ABIDJAN, (Reuters) – Africa-focused miner Randgold Resources sees any further fall in the price of gold as an opportunity to expand its exploration activities cheaply, the company’s chief executive said.
The miner is looking to buy stakes in exploration projects run by smaller firms likely to be hit hard if the precious metal enters a downtrend after 12 years of gains, Mark Bristow told Reuters in an interview.
Spot gold tumbled more than $125, or nearly 9 percent, to below $1,340 an ounce last Monday, a record one-day loss in dollar terms that sent shockwaves through the industry.
And though the market bounced back to around $1,400 on Friday, analysts say prices may fall further in the near term as money continues to flow out of exchange-traded funds (ETFs) of the precious metal.
Bristow told Reuters the grim outlook for gold would likely affect small miners the most as financing dries up, forcing them to mothball exploration operations.
But that could be an opportunity for established companies who could buy into projects at knock-down prices.
“The industry hasn’t been efficient in investing in exploration,” he told Reuters in an interview late on Saturday. “That’s what Randgold’s real focus is now.

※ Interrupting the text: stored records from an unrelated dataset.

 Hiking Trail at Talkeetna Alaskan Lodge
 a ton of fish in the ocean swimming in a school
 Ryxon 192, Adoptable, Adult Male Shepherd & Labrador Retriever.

This is the time you can pick up the good positions.”
Bristow said the London-listed company, which operates mines in Mali and Ivory Coast, would maintain planned spending for 2013 despite the weak outlook. It plans to pour the first gold from its Kibali project in Democratic Republic of Congo by the year’s end.
“We have a very intense capital programme at the moment…2013 is the highest spend we’ve ever had. We’re going to spend about $670 million,” he said.

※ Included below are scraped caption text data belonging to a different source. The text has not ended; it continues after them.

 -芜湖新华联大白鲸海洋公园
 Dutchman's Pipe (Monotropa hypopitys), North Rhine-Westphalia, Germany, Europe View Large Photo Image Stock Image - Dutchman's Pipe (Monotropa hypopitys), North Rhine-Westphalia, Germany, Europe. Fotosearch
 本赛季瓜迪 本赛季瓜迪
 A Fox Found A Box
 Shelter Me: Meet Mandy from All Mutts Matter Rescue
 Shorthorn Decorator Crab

Gold is regarded by many investors as a safe haven and a hedge against inflation at a time of money printing by central banks. However, its price has fallen by about 18 percent so far this year, taking it to its lowest level since February 2011.
Bristow said Randgold is already establishing joint ventures with cash-strapped junior miners to expand its exploration activities.
“We have a real opportunity to get really good projects, really good ground,” he said.
In December, Randgold acquired a majority stake in a joint venture with Canada’s Kilo Goldmines that will see it manage the junior’s exploration licenses in Congo.
It announced a similar agreement with London-listed Goldstone Resources earlier this month that gives it control over the Sangola project in Senegal.